Toute la presse ne parle que de ça : le maniaque tueur d'enfants, qui terrorise la ville depuis quelques temps, vient de faire une nouvelle victime. Chargé de l'enquête, le commissaire Lohmann multiplie les rafles dans les bas-fonds. Gênée par toute cette agitation la pègre décide de retrouver elle-même le criminel : elle charge les mendiants et les sans-abris de surveiller la ville.
TELERAMA
Peinture métaphorique de l’Allemagne se donnant au nazisme, réflexions sur la culpabilité, leçon de mise en scène : chef-d’œuvre.
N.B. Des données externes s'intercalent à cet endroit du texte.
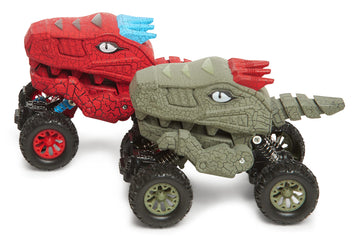 Rugged Racers Dinosaur Monster Truck Toy Cars - Pull Back Car Toys Dino 4 Wheel Car Game Mini Pullback Vehicles for Toddlers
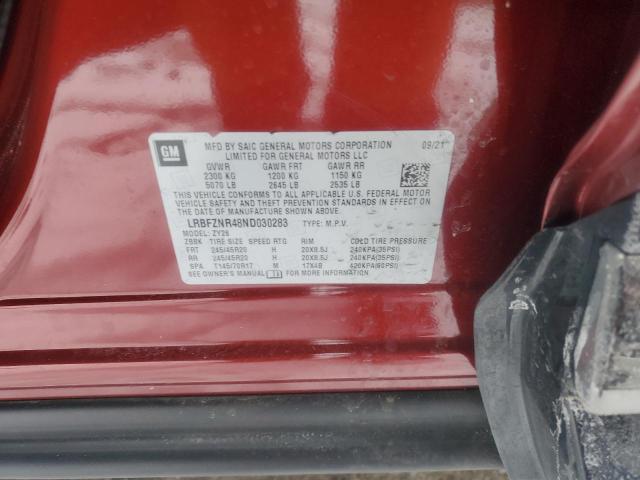 LRBFZNR48ND030283 - 2022 BUICK ENVISION ESSENCE Բորդո լուսանկար 13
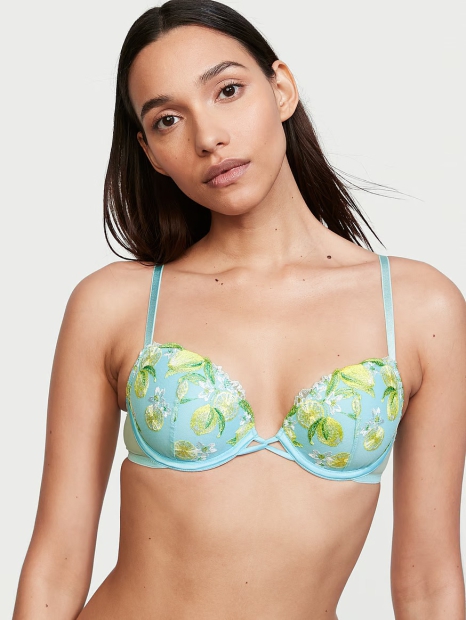 Шикарный сетчатый бюстгальтер Victoria's Secret с вышивкой 1159809795 (Голубой, 32DDD)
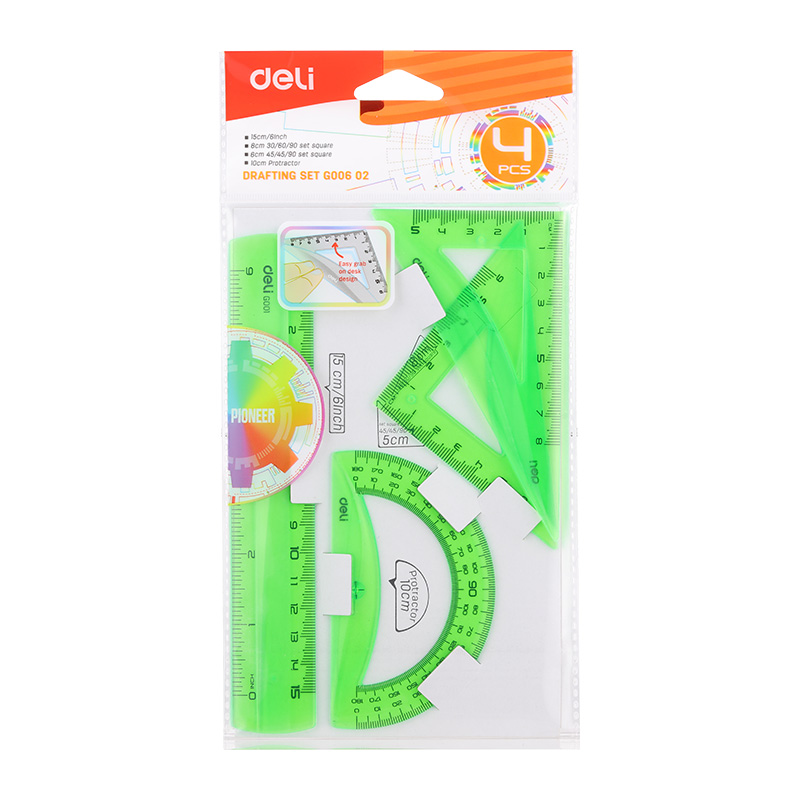 Set Geometrie 4 Piese Color Eg00602 Deli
On raconte qu’à la sortie du film, Joseph Goebbels nota dans son journal : « Fantastique. Pour la peine de mort. Fritz Lang sera notre réalisateur… » Contresens total. Poursuivi par la police comme par les criminels, le tueur sadique de petites filles a du souci à se faire, mais c’est la loi qui, paradoxalement, peut le sauver. Voir la dernière séquence, libératrice, à disserter en cours de philo.
De ce film stupéfiant, on retient la maîtrise immédiate qu’a Fritz Lang du parlant. Il réussit à inventer un mode d’illustration sonore qui lui est propre. Il dissocie fréquemment la bande-son de l’image ou prolonge un dialogue pour le transformer en commentaire off…
La première séquence — l’assassinat d’Elsie Beckmann — est une leçon de mise en scène, un montage alterné qui fait monter l’angoisse. Le tueur n’est d’abord qu’une ombre sur l’affiche, qui offre une prime pour sa capture, puis une voix d’une absolue douceur. Peter Lorre, génial, sifflote un refrain — le thème est tiré des suites de Peer Gynt, de Grieg, et il est sifflé par Lang lui-même. L’horreur se passera hors champ.
Le film distille aussi la curieuse prescience d’un noir fléau qui pourrait être assimilé au nazisme. Le cinéaste, convoqué par Goebbels, préféra, finalement, rejoindre Paris en train, et ne pas être « leur » réalisateur.